First-pass and total viewing durations were shorter for neutral- than for full-tone targets. Although the effect did not reach significance for first-fixation durations (–4 ms), b = –0.018 ms, SE = 0.013, t = 1.41, it was reliable for gaze durations (–18 ms) and total viewing durations (–31 ms), b = –0.046 ms, SE = 0.020, t = 2.24, and b = –0.072 ms, SE = 0.025, t = 2.88, respectively. Additional analyses of regressions to the target, shown in Fig. 8, also revealed a significant effect of lexical tone, with fewer regressions to neutral- than to full-tone targets (6.3 % and 8.8 %, respectively), b = –.352 [logits], SE = .171, z = 2.06. Neutral-tone targets also received fewer first-pass fixations than full-tone targets (1.20 and 1.24, respectively). Although small, the effect was marginally significant, b = .188 [logits], SE = .103, z = 1.83, p < .1. It replicates a corresponding finding in Yan et al. (2014) and is consistent with the effect of lexical stress in Ashby and Clifton (2005), in which words with one stress received fewer fixations than those with two stresses.

Fig. 8
figure 8

Mean regression rates to the target after a subsequent word in the sentence had been viewed. The syllabic tone articulation SE from the mixed model was used to compute the 95 % confidence intervals

The analysis of AD effects revealed numerically shorter durations in the identical than in the two nonidentical AD syllable conditions, but the size of the syllable match effect was quite small for first-fixation durations and gaze durations (3 and 5 ms, respectively), and did not approach significance (both t values < 1.5). The estimated effect size was larger and marginally reliable for total viewing durations (11 ms), b = –.009 ms, SE = .005, t = 1.85, p < .1. No other AD effect approached significance, all t values < 1.5.

Posttarget word region

The target’s lexical tone did not influence any of the three posttarget viewing duration measures, all t values < 1.4. AD type influenced posttarget viewing, with longer—not shorter—viewing durations in the identical condition than in the two nonidentical AD conditions. The corresponding syllable match contrast was significant for first-fixation durations (8 ms), gaze durations (14 ms), and total viewing durations (10 ms): b = .008 ms, SE = .004, t = 2.21; b = .013, SE = .005, t = 2.78; and b = .011 ms, SE = .005, t = 2.21, respectively. The similarity contrast—that is, the difference between the similar and dissimilar AD conditions—was negligible (2, 6, and 13 ms, respectively) and not reliable, t values < 1.5, for all three viewing duration measures. None of the remaining effects, including the interactions of tone type with AD type, approached significance, all t values < 1.5. That is, the tone articulation the target’s second syllable did not modulate the effects of an AD syllable.

Discussion

The two types of lexical tones were examined under relatively normal reading conditions in Experiment 2, and an AD manipulation in conjunction with different oculomotor measures was used to determine the time course and nature of the tonal effects. The key findings revealed shorter first-pass viewing durations and lower refixation probabilities for neutral- than for full-tone targets. Oculomotor measures that are sensitive to relatively late stages of lexical processing were also influenced by the tone articulation property, with shorter total viewing durations and fewer incoming regressions for neutral targets. The effects of lexically conditioned syllable articulation on first-pass target viewing replicate Yan et al. (2014), and they are consistent with the results of Experiment 1. They provide further evidence for the early use of articulation-specific features during visual word recognition, and this is inconsistent with the minimality hypothesis.

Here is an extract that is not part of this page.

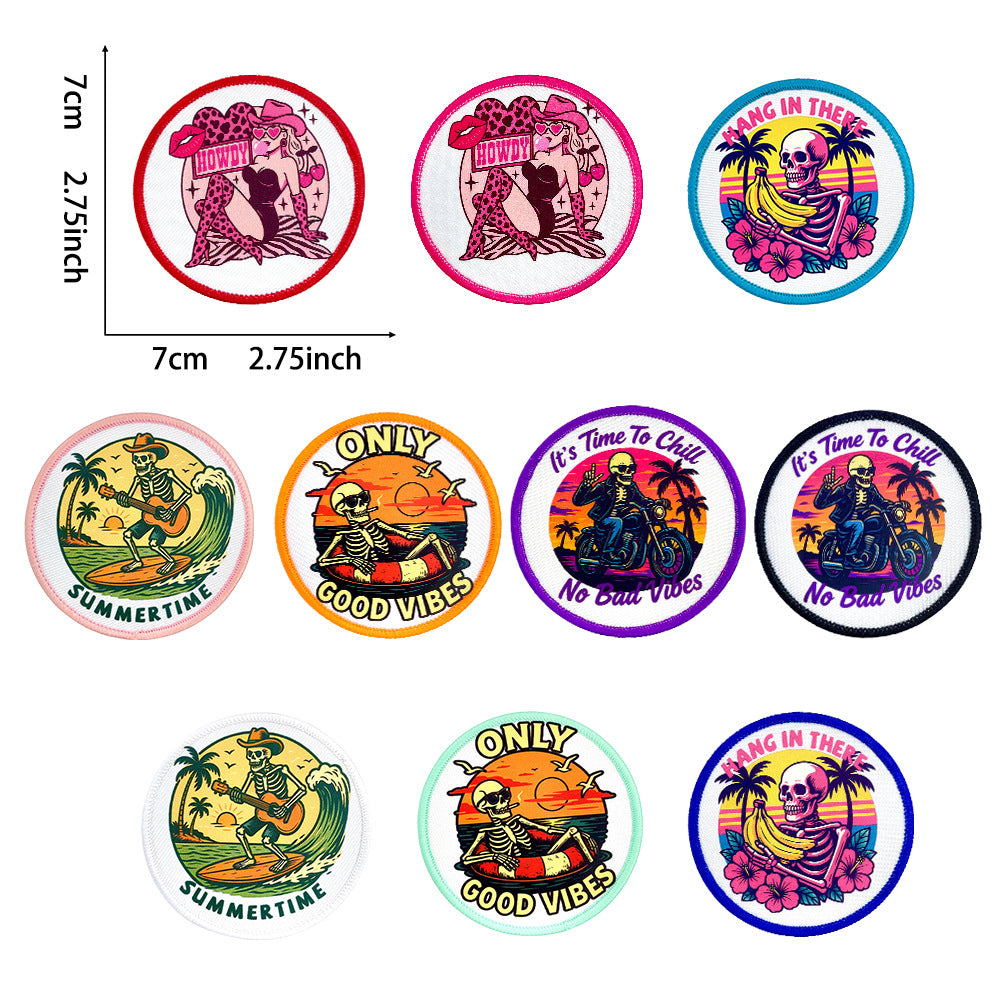 Wholesale Trendy Round Embroidered Patches With Fun Beach Skull Coffee Mom Themes Iron On DIY Appliques For Clothing And Bags Fashion Accessory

However, in Experiment 2, the impact of lexical tone type was manifest not only in oculomotor measures that were sensitive to early stages of processing, but also in measures that were sensitive to late stages—that is, regression rate and rereading time—suggesting a rapid and sustained influence of articulation-specific word properties on the representation of target words. The effects of AD syllables on target and posttarget viewing were quite small, and only the comparison of identical with nonindentical ADs yielded a statistically reliable difference that was opposite to the expected findings; that is, posttarget viewing durations were longer when the spoken syllable was identical to a previously fixated target word’s first syllable than when it was phonologically similar or dissimilar. Moreover, this reversed identity effect applied equally to neutral- and full-tone targets.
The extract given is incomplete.